Tuesday, October 02, 2007

Rótulos e estereótipos


Pedro J. Bondaczuk


O consumidor brasileiro, a despeito da existência de códigos, leis, órgãos e associações que pretensamente atuam em sua defesa, é um dos mais desprotegidos e desrespeitados do mundo. Em geral, tem de arcar com prejuízos na aquisição de produtos e serviços de má qualidade, pagos a peso de ouro e quando tenta reclamar, acaba transformado no vilão, no chato, no encrenqueiro.
Nem é preciso citar exemplos para fundamentar esta afirmação. Raros são os cidadãos que nunca passaram por essa situação desconfortável e, sobretudo, prejudicial. Nesta era do consumo em massa, o ser humano acaba, de fato, massificado, despersonalizado, rotulado. Ele é o cliente, o paciente, o usuário, o aluno e vai por aí afora, e nunca o Paulo, o Antonio, o José ou a Maria. O indivíduo tem sido submetido a instituições que ele próprio criou para o servir e que findam por fazer dele o seu escravo.
É o caso dos Estados, por exemplo, que não passam de uma abstração, de um rótulo, de um conceito. O que importa neles, todavia, são as pessoas que lhes dão vida, lhes outorgam dinâmica, fazem com que funcionem.
A mania pelo estereótipo estende-se por todos os setores da existência. Seres humanos são classificados por etnias, por religião, por cor ou por convicção política e não na sua essência, naquilo que realmente têm de importante. Esse procedimento, fruto de uma cultura profundamente arraigada nas diversas sociedades, gera preconceitos, rancores gratuitos, ódios insensatos e está na raiz de todas as guerras, revoluções e explosões de violência que marcaram a história.
Por que não encarar o homem pelo que ele é? Por que não conceder aos outros o respeito que exigimos deles? Por que nos colocarmos numa posição de todo-poderosos quando somos transitórios, passageiros, impotentes para vencer nossa insignificância e efemeridade? Empresas, instituições, Estados, sistemas e até religiões passam e às vezes sequer deixam vestígios de sua existência ao longo da história. Ficam princípios, atos, idéias, sentimentos, desde que realmente valham a pena.

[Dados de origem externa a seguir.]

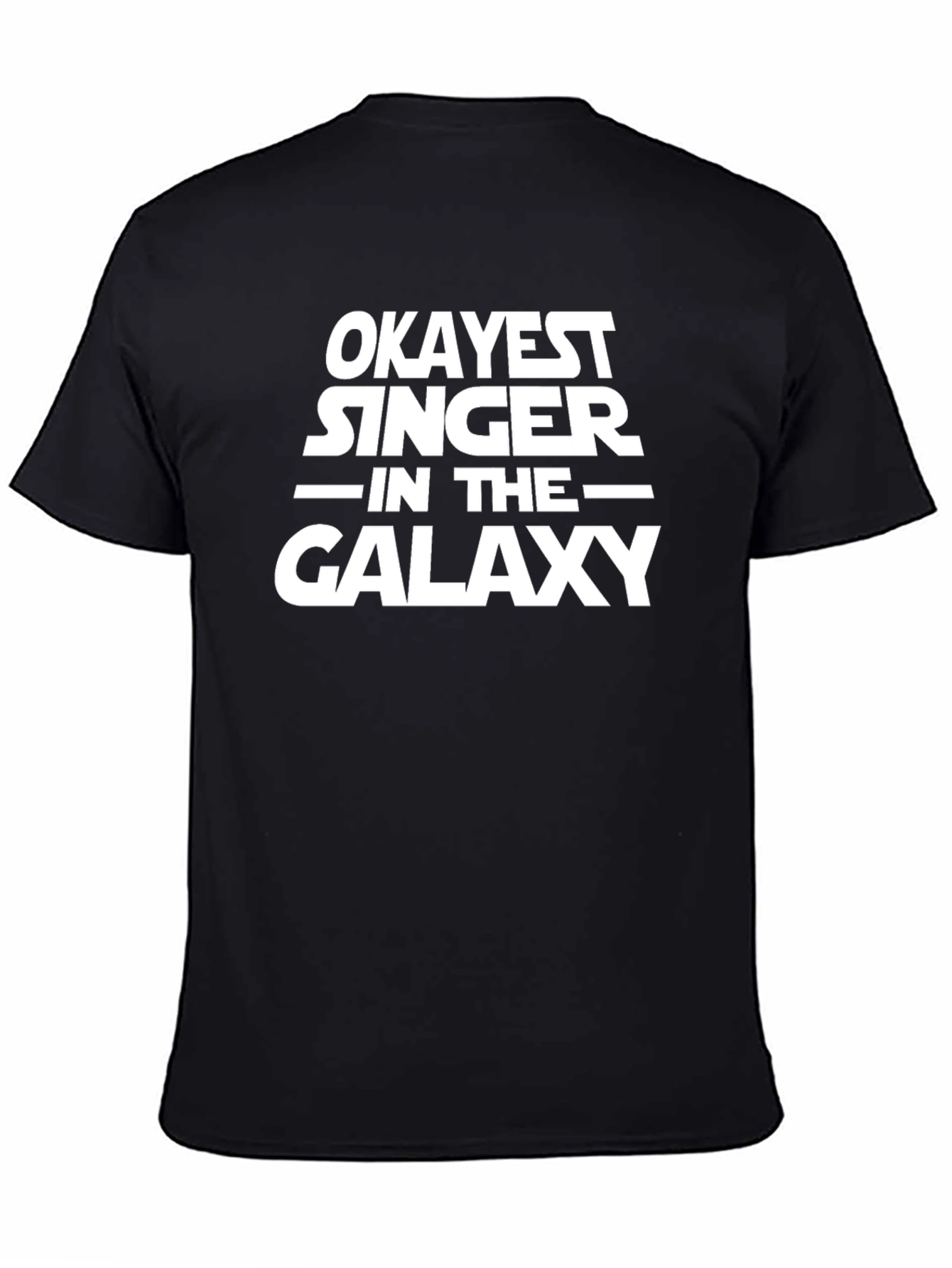 Black Okayest Singer in the Galaxy T-Shirt view 4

Nossos intelectuais têm essa mania (claro que há exceções; sempre há) e sequer se dão conta disso. O antropólogo Roberto da Matta, por exemplo, em artigo que publicou no Jornal do Brasil em 24 de julho de 1993, analisou essas tentativas de definir o jeito de ser do brasileiro. Constatou, em determinado trecho: "Em torno de 1900, o Brasil foi lido como um país a ser arianizado; em 1960, foi a nação dos espoliados prestes a realizar sua grande revolução socialista; em 1970, foi a terra do milagre econômico do Delfim e do Médici, hoje, ele é visto como país da violência, da falência moral, do separatismo e da ausência de valores éticos".
Estereótipos. Meros estereótipos. O País está longe de ser homogêneo, quer no comportamento da população, quer nos estágios de desenvolvimento em que se encontra. Há ilhas de prosperidade de fazer inveja a sociedades do Primeiro Mundo, mas existem bolsões de miséria, de enormes proporções, rivalizando com povos mais carentes da África, como Burkina Faso, Somália, Ruanda ou Etiópia.

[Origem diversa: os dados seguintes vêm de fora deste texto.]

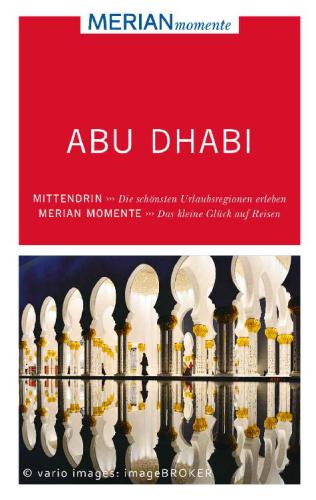 MERIAN momente Reiseführer Abu Dhabi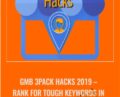GMB 3Pack HACKS 2019 – Rank For Tough Keywords In 30 Minutes Or Less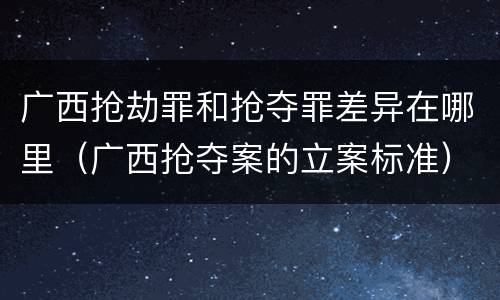 广西抢劫罪和抢夺罪差异在哪里（广西抢夺案的立案标准）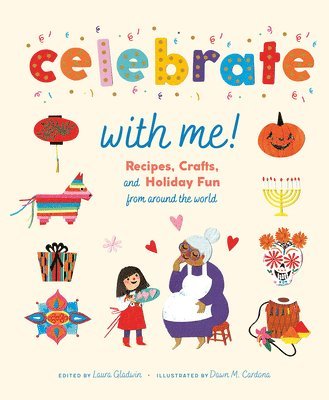 Laura Gladwin - Celebrate with Me!: Recipes, Crafts, and Holiday Fun from Around the World, Inbunden
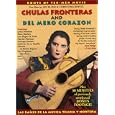 Chulas Fronteras & Del Mero Corazon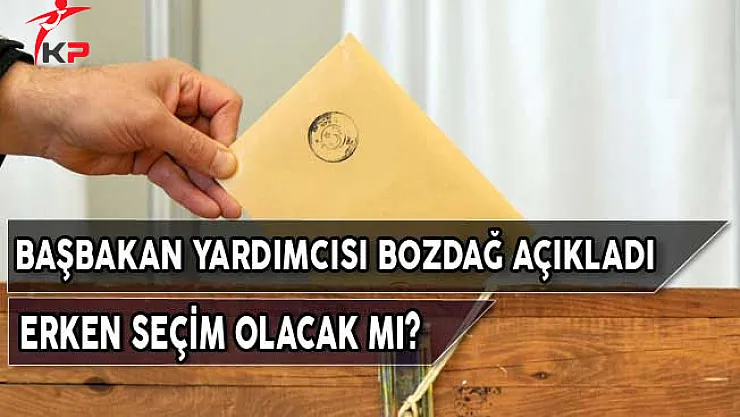 Başbakan Yardımcısı Bozdağ Açıkladı! Erken Seçim Olacak Mı?
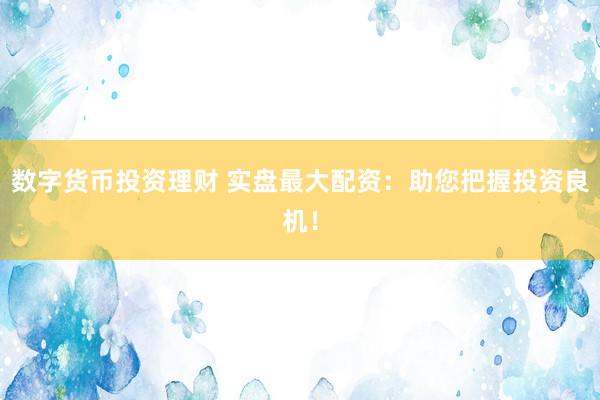 数字货币投资理财 实盘最大配资：助您把握投资良机！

Há metrópoles modernas e dinâmicas e comunidades mergulhadas num imenso atraso. Há pessoas extremamente competentes, solidárias, com altíssimo senso ético e bandidos cínicos e cruéis, muitos dos quais de colarinho branco, a cometer toda a sorte de crimes. Há crianças sadias, superdotadas, com potencial para ter um brilhante futuro e meninos de rua como Ricardo da Silva Soares, de 12 anos, que teve o crânio esmagado pelas rodas de um caminhão da Prefeitura de São Paulo, no dia 10 de setembro de 1994, ao ser confundido com um saco de lixo, dentro do qual dormia, numa calçada do Largo do Arouche.

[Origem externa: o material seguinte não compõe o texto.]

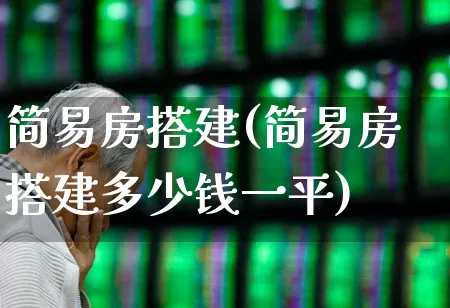 简易房搭建(简易房搭建多少钱一平)_https://www.heiljjianzu.com_创业板_第1张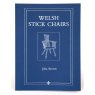 Welsh Stick Chairs Welsh Stick Chairs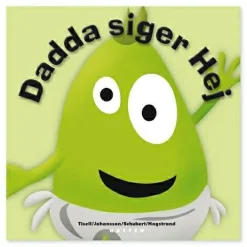 Babblarna sprogtræning Bog - Dadda siger Hej|Børn Vis Alle Varer (Særlige Behov)|Tumlinge Legetøj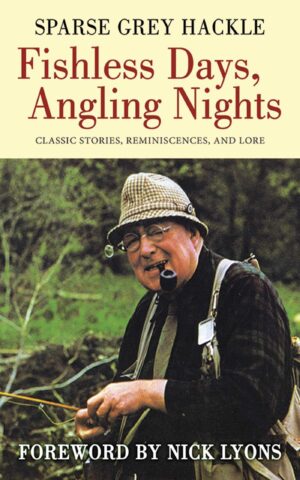 Fishless Days, Angling Nights: Classic Fly-fishing Stories, Reminiscences, and Lore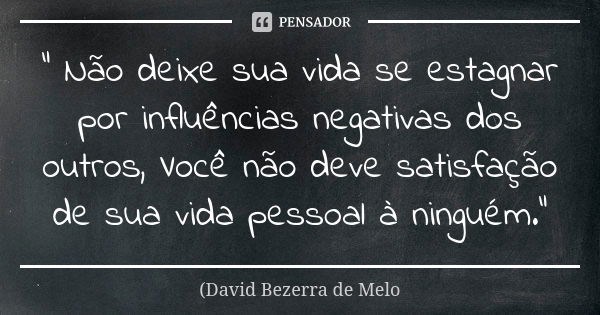 " Não deixe sua vida se estagnar por influências negativas dos outros, Você não deve satisfação de sua vida pessoal à ninguém."... Frase de David Bezerra de Melo.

Tudo isso é Brasil. Podemos ser um pouco de Macunaíma, mas também o somos da Irmã Dulce. Podemos ter características de Lampião, mas temos a coragem e o ideal de um Marechal Rondon. Somos múltiplos, heterogêneos, não somos passíveis de receber rotulações. O próprio da Matta, no mencionado artigo, conclui: "Nenhuma sociedade se esgota nas definições dos seus membros. As imagens variam, o que nos leva a pensar que somos parte de um momento e de uma geração que nos limita. Isso demonstra que ninguém está com a verdade, o que é um alento numa sociedade, na qual cada grupo foi sempre dono de uma verdade absoluta". O Brasil é tão grande que não cabe em estereótipos! O consumidor, o cidadão, o ser humano são importantes demais para serem estereotipados! Por isso é preciso parar com essa mania estúpida.